> **REQUIREMENT**
Set down a true copy of the data, with all pictures left out.

> **INFORMATION PROVIDED**

* * * * * * * * *

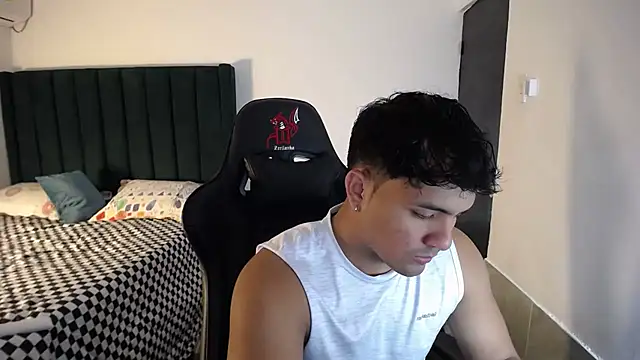 Snapshot of man_dur07 chatting on October 18, 2025, 8:11 pm man dur07 online show from October 18, 2025, 8:11 pm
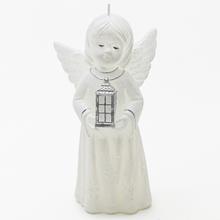 Biela sviečka v tvare anjela s lampášom.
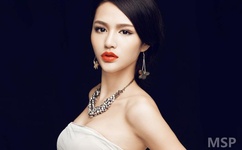 美女校花被调教出奶水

* * * * * * * * *

> **ANSWER SPACE**
 Snapshot of man_dur07 chatting on October 18, 2025, 8:11 pm man dur07 online show from October 18, 2025, 8:11 pm
 Biela sviečka v tvare anjela s lampášom.
 美女校花被调教出奶水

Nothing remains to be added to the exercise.